Electrical engineers and economists study real world objects and get real world answers, yet they use complex functions with imaginary numbers. Couldn’t we just use “regular” math?

Image from Imaginary Numbers Are Real, Welch Labs
Answer:
Imaginary numbers transform complex equations in the real X-Y axis into simpler functions in the “imaginary” plane.
This lets us transform complicated problems into simpler ones.
Here is an explanation from “Ask Dr. Math” (National Council of Teachers of Mathematics.)


Also
We sometimes just use imaginary numbers because they can be easier to use: Engineers and physicists use the complex exponential 𝑒𝑗𝜔𝑡 instead of sines and cosines.
Why? This notation makes differential equations much easier to deal with.
That’s why we use imaginary numbers when studying electrical impedance.
Why is impedance represented as a complex number rather than a vector?
Other examples of real world uses
http://hyperphysics.phy-astr.gsu.edu/hbase/electric/impcom.html
Careers That Use Complex Numbers, by Stephanie Dube Dwilson
Imaginary numbers in real life: Ask Dr. Math
Imaginary numbers, Myron Berg, Dickinson State Univ.
The universe physically seems to run on complex numbers
If we look only at things in our everyday life – objects with masses larger than atoms, and moving at speeds far lower than the speed of light – then we can pretend that the entire word is made of solid objects (particles) following more or less “common sense” rules – the classical laws of physics.
But there’s so much more to our universe – and when we look carefully, we find that literally all of our classical laws of physics are only approximations of a more general, and often bizarre law – the laws of quantum mechanics. And QM laws follow a math that uses complex numbers!
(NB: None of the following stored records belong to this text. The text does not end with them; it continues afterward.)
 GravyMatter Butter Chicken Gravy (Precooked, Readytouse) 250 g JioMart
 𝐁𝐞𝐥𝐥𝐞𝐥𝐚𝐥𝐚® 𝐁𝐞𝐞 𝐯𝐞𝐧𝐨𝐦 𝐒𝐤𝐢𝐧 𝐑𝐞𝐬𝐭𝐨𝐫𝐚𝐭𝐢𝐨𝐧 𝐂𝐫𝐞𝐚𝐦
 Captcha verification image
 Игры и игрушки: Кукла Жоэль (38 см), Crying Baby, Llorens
When you have time, look at our intro to the development of QM and at deeper, high school level look at what QM really is .
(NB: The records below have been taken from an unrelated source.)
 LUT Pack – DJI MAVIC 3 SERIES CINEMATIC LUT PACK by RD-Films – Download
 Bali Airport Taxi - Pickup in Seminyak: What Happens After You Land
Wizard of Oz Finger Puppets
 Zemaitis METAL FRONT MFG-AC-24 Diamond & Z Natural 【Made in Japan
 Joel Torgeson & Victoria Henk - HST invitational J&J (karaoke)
Scott Aaronson writes about a central, hard to believe feature of quantum mechanics:
“Nature is described not by probabilities (which are always nonnegative), but by numbers called amplitudes that can be positive, negative, or even complex.”
He points out that this weird reality seems to be a basic feature of the universe itself
“This transformation is just a mirror reversal of the plane. That is, it takes a two-dimensional Flatland creature and flips it over like a pancake, sending its heart to the other side of its two-dimensional body.
But how do you apply half of a mirror reversal without leaving the plane? You can’t! If you want to flip a pancake by a continuous motion, then you need to go into … dum dum dum … THE THIRD DIMENSION.
More generally, if you want to flip over an N-dimensional object by a continuous motion, then you need to go into the (N+1)st dimension.
But what if you want every linear transformation to have a square root in the same number of dimensions? Well, in that case, you have to allow complex numbers. So that’s one reason God might have made the choice She did.”
– PHYS771 Quantum Computing Since Democritus, Lecture 9: Quantum. Aaronson is Professor of Computer Science at The University of Texas at Austin.
Imaginary Numbers May Be Essential for Describing Reality
A new thought experiment indicates that quantum mechanics doesn’t work without strange numbers that turn negative when squared.
Charlie Wood, Quanta Magazine , 3/3/2021
A group of quantum theorists designed an experiment whose outcome depends on whether nature has an imaginary side. Provided that quantum mechanics is correct — an assumption few would quibble with — the team’s argument essentially guarantees that complex numbers are an unavoidable part of our description of the physical universe.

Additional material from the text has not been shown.